La franquicia es un sistema de colaboración mercantil que viene contribuyendo, desde hace ya bastantes años, a la creación de un importante número de pequeñas empresas. Esas pequeñas empresas, tan importantes en el tejido empresarial de nuestro país, ven mejorar sustancialmente su capacidad de competir en el mercado de la mano de marcas de reconocido prestigio y del Know how que les es transmitido por sus franquiciadoras. Es precisamente la transmisión de ese Know How, como tiene señalado la vigente normativa, el elemento esencial de la franquicia y el aspecto que diferencia a la misma frente a otras modalidades contractuales de colaboración mercantil y, aún más, frente a los acuerdos de distribución con los que el Proyecto de Ley de contratos pretende equipararla.

El texto llevado a las Cortes incurre, además, en uno de los defectos más reprochables a una norma jurídica: la inconcreción de algunos de los conceptos que quedan en el peligroso limbo de lo interpretable.

La seguridad jurídica es un interés común de franquiciador y franquiciado.
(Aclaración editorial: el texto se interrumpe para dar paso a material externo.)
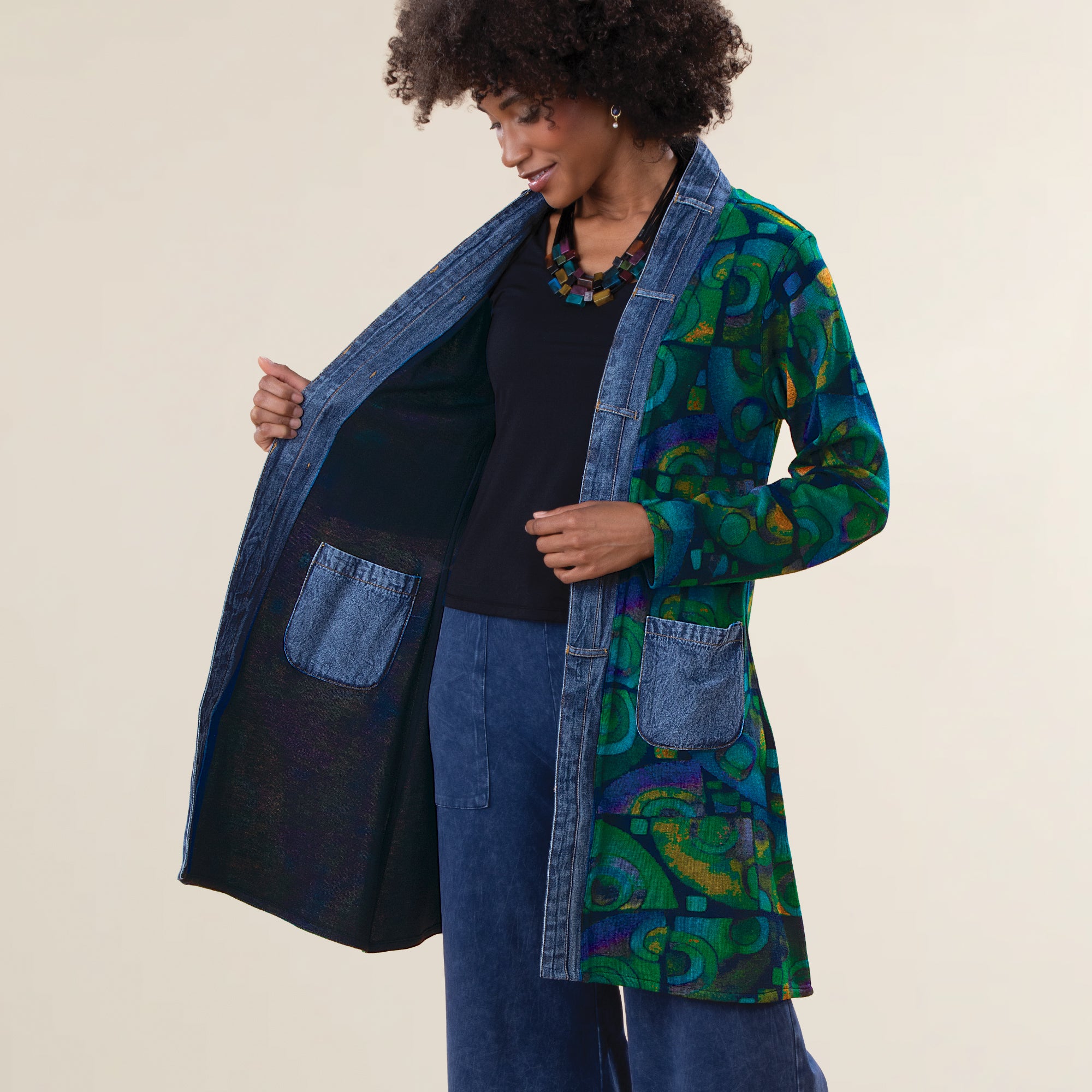 Pretty As a Peacock Reversible Jacket
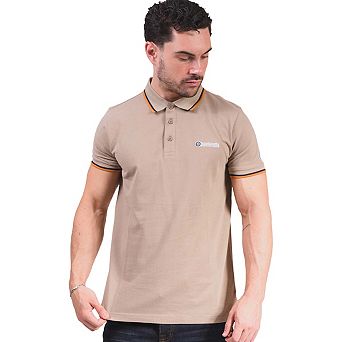 Lambretta Mens Triple Tipped Polo Shirt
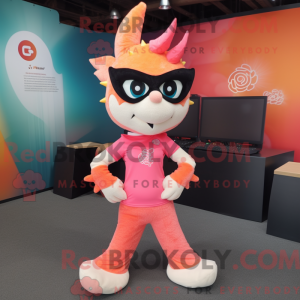 Peach Dragon Maskottchen...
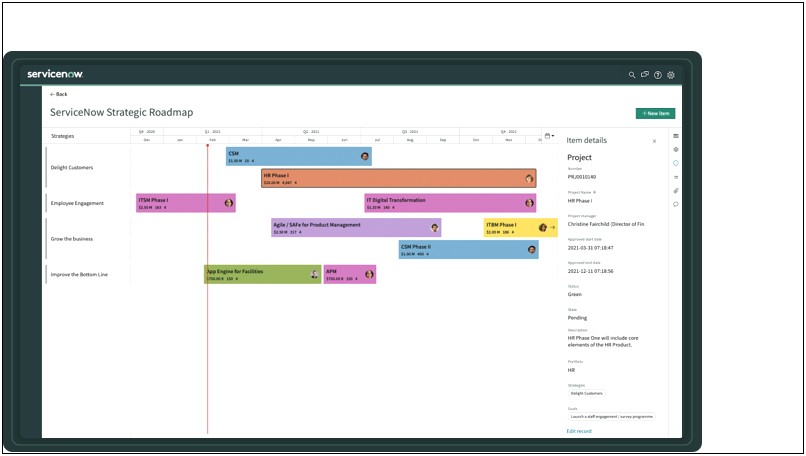 Project Scheduling Portfolio Resource Planning Template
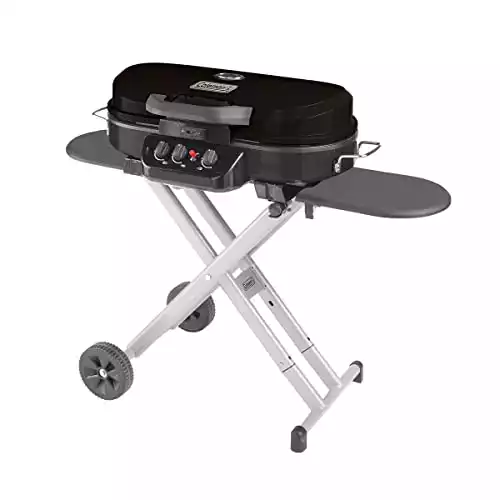 Coleman RoadTrip 285 Portable Propane Gas Grill – 20,000 BTU Grilling Power, 3 Adjustable Burners, 285 sq in Cooking Area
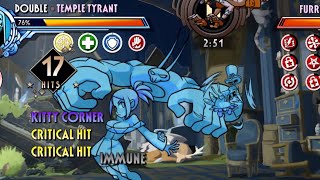 Temple Tyrant vs Kitty Corner  Skullgirls Mobile [upl. by Germana]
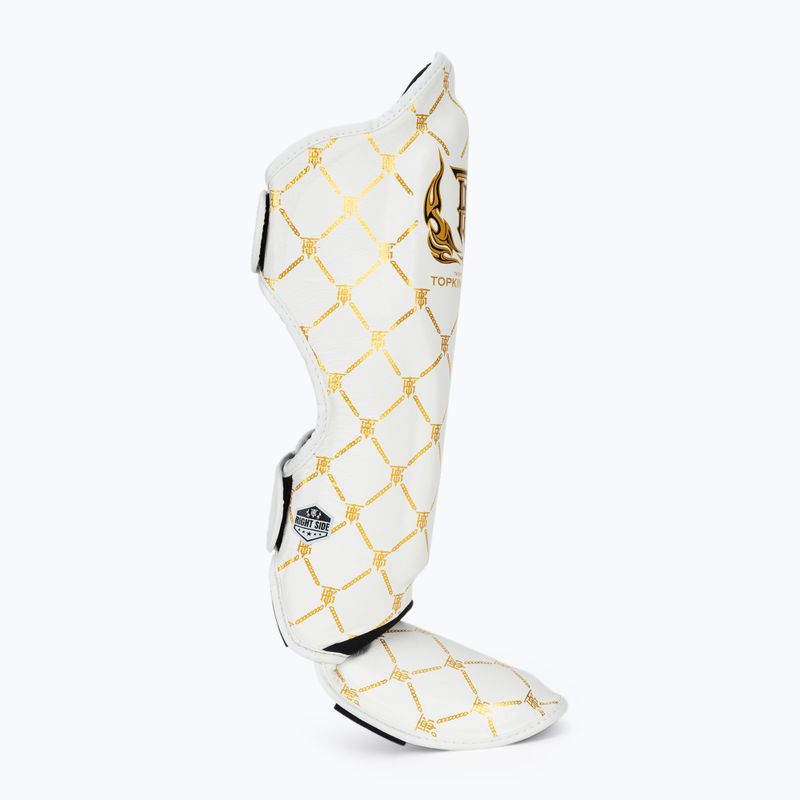 Chrániče holennej kosti a chodidla Top King Chain white/gold 2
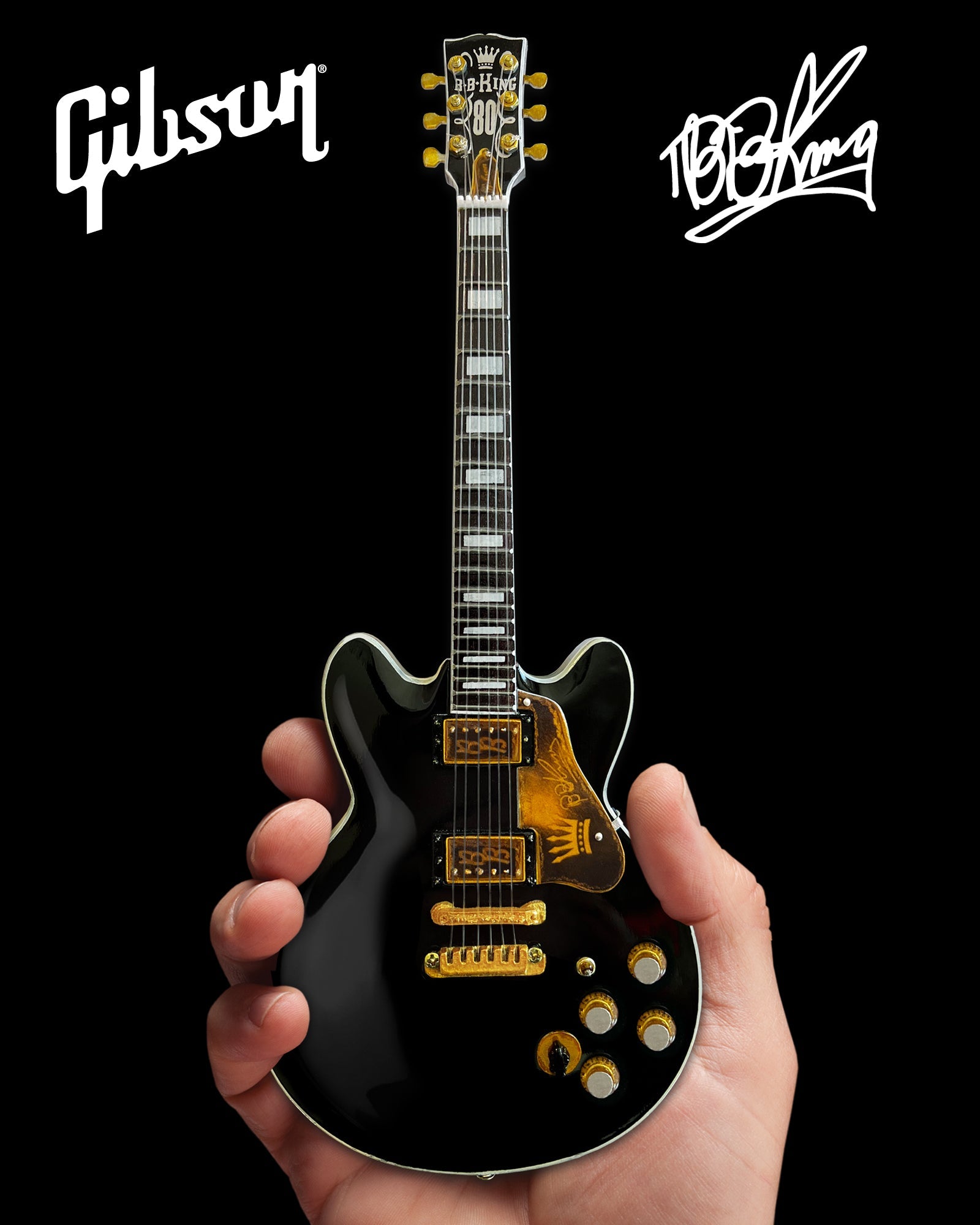 FranklinMint.com | BB King Gibson ES-345 80th Birthday Lucille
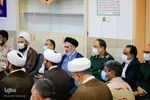 دیدار عیدانه مردم و مسئولان با نماینده ولی فقیه در خراسان‌جنوبی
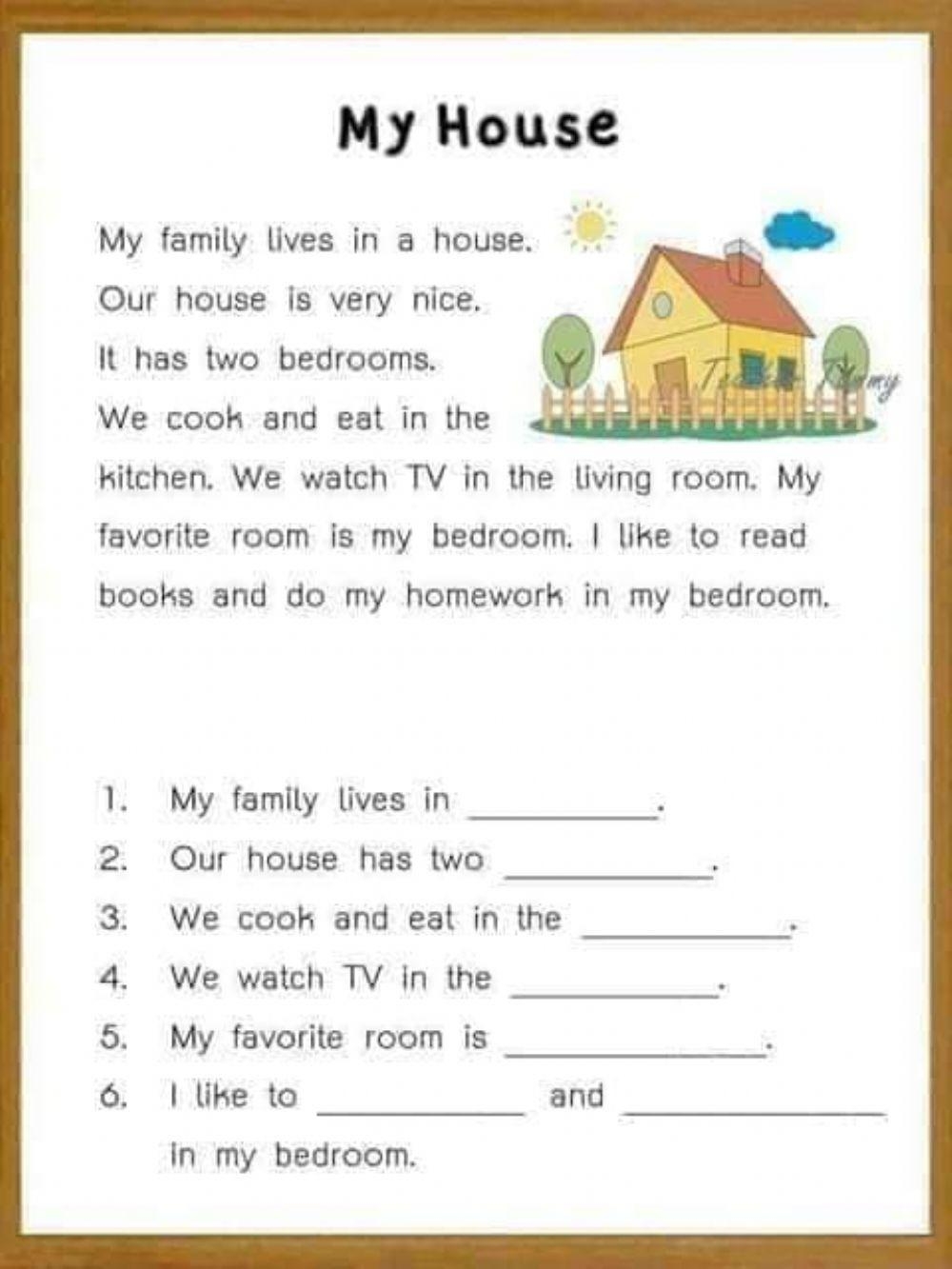 Primary Reading Comprehension Worksheets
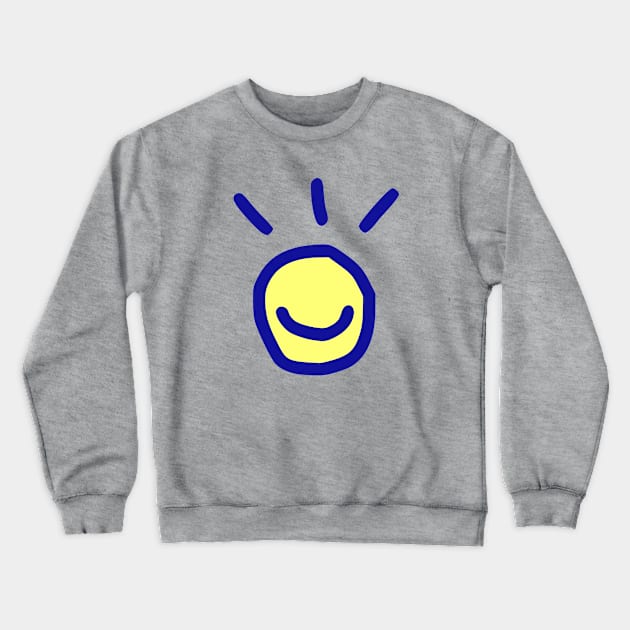 Toki Pona logo (linja pi pu lukin) Crewneck Sweatshirt by Toki Pona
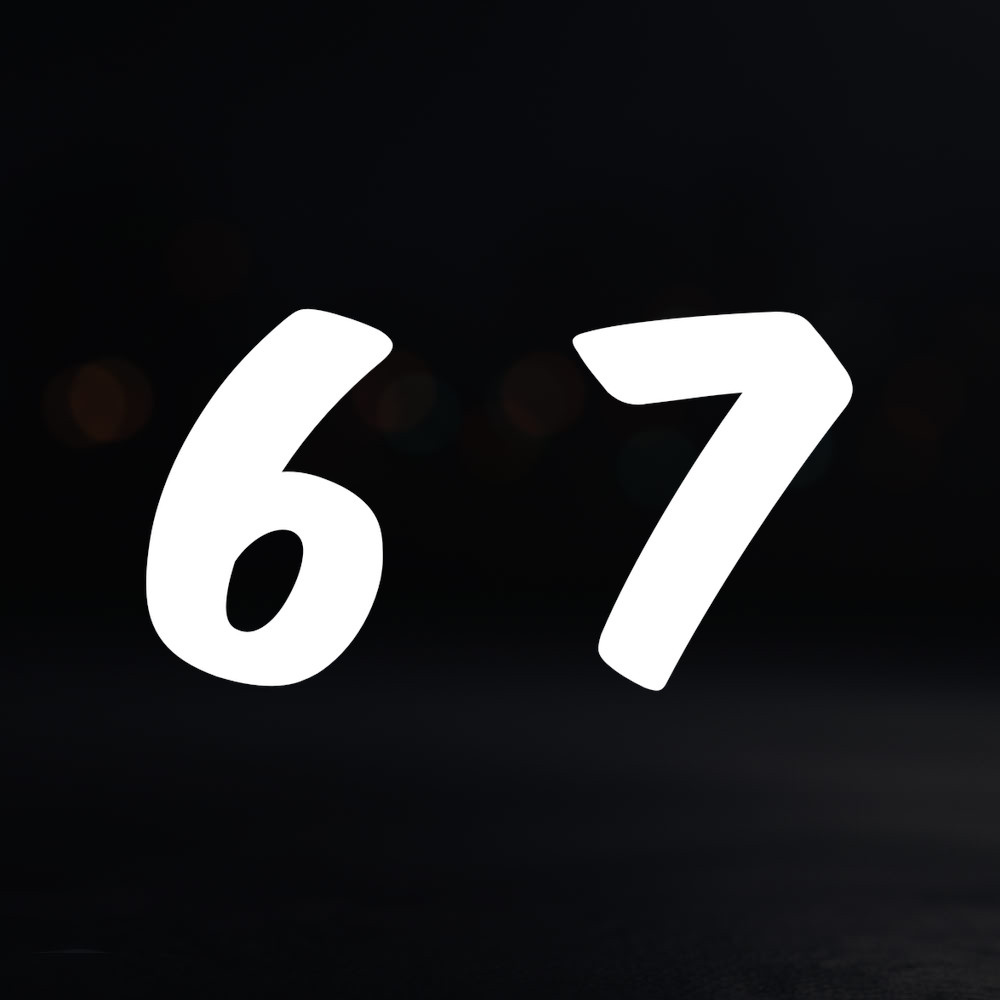 8in Vinyl Decal Sticker – “6 7”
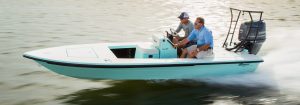 Maverick 17 HPX V open water cruising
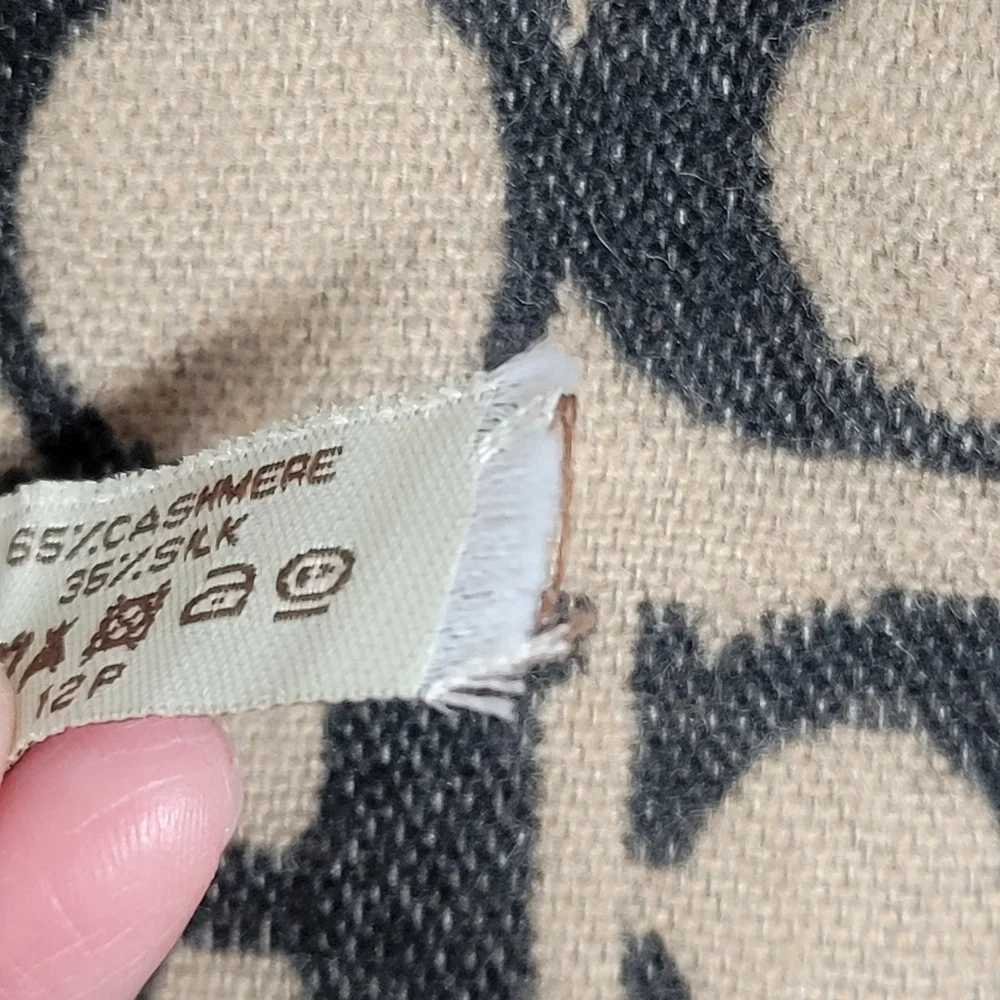 Coach signature reversible
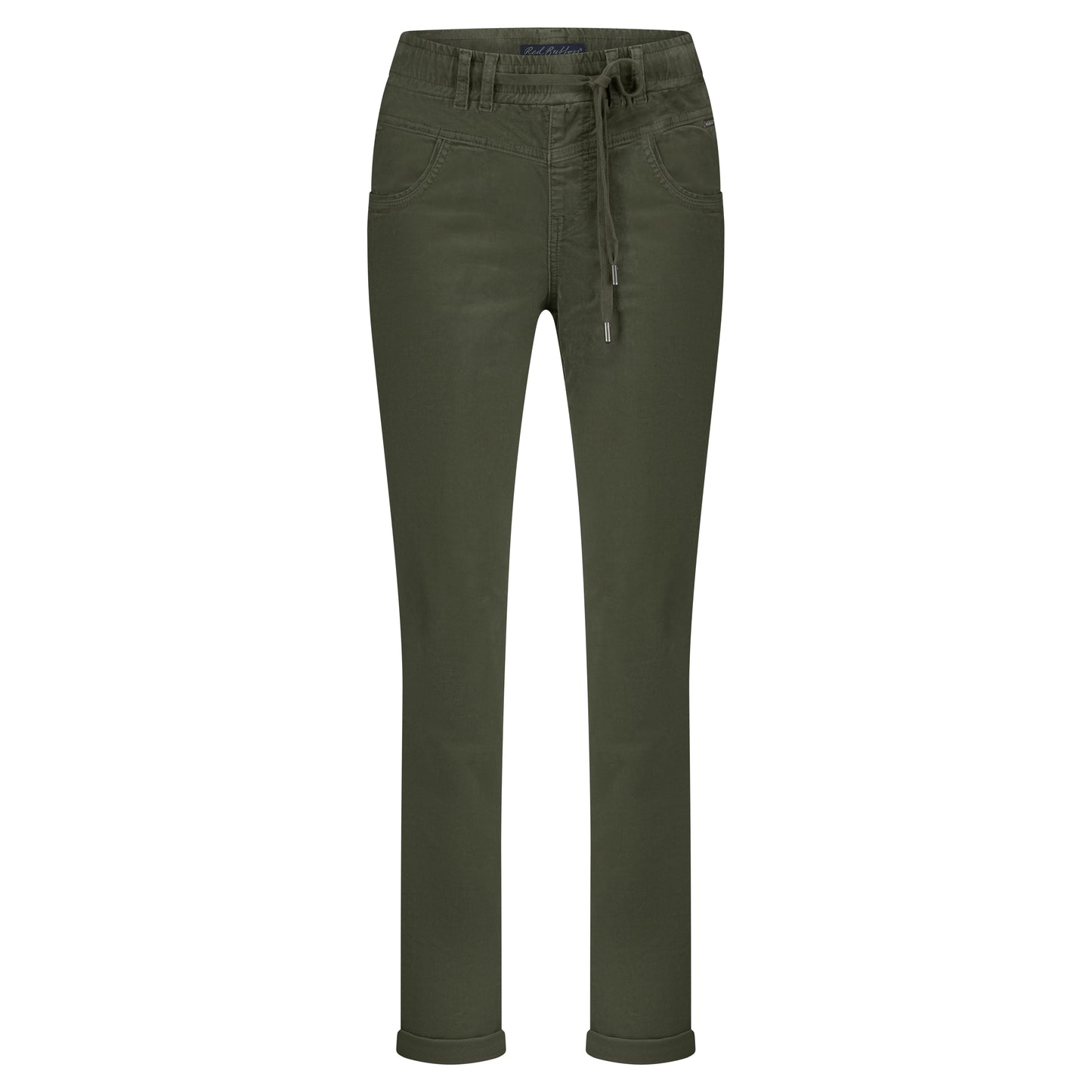 Red Button Tessy Velvet - Khaki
En mi opinión, ese legítimo interés común no encontraría un marco adecuado de llegar a aprobarse la ley de contratos de distribución que se tramita.

Este blog daba muestras -en fechas aun muy recientes- del enorme atractivo que la franquicia supone para quienes, incluso en una situación tan complicada como la actual, desean emprender una actividad empresarial. El crecimiento sostenido de la franquicia, tanto en número de redes como de establecimientos, y su supervivencia, incluso en estos momentos tan complejos y en comparación con comercios tradicionales, da muestras de su fortaleza. Una fortaleza forjada por el empuje decidido de empresarios -franquiciadores y franquiciados- a los que la Ley de contrato remitida a las Cortes no les puede ofrecer un marco de mayor seguridad jurídica y sí, sin embargo, una serie de limitaciones que ignoran elementos esenciales de la franquicia como fórmula de colaboración empresarial, haciendo que nuestro mercado resulte menos atractivo que otros con los que tenemos que competir y, por lo tanto, desincentivando la inversión y dificultando la creación de empleo.